- Source data:
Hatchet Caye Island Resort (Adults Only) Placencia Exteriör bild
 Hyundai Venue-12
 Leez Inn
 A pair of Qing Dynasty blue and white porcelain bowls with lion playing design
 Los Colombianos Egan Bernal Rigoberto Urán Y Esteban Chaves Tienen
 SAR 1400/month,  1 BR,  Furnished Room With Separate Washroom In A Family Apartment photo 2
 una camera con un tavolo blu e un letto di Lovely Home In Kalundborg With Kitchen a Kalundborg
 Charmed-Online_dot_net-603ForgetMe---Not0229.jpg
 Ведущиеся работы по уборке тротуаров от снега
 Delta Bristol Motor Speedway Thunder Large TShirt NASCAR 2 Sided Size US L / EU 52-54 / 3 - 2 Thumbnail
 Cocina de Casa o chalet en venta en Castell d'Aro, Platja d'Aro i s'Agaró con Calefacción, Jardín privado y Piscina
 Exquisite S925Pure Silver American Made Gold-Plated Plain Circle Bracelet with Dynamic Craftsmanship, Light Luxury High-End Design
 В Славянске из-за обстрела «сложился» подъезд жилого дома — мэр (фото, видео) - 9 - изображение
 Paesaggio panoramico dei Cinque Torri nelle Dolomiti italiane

- Task prompt:
Everything from the line with "Charmed-Online_dot_net-603ForgetMe---Not0229.jpg" to the end of the listing, and only that, is to be set down exactly, line by line.

- Response to the task:
 Charmed-Online_dot_net-603ForgetMe---Not0229.jpg
 Ведущиеся работы по уборке тротуаров от снега
 Delta Bristol Motor Speedway Thunder Large TShirt NASCAR 2 Sided Size US L / EU 52-54 / 3 - 2 Thumbnail
 Cocina de Casa o chalet en venta en Castell d'Aro, Platja d'Aro i s'Agaró con Calefacción, Jardín privado y Piscina
 Exquisite S925Pure Silver American Made Gold-Plated Plain Circle Bracelet with Dynamic Craftsmanship, Light Luxury High-End Design
 В Славянске из-за обстрела «сложился» подъезд жилого дома — мэр (фото, видео) - 9 - изображение
 Paesaggio panoramico dei Cinque Torri nelle Dolomiti italiane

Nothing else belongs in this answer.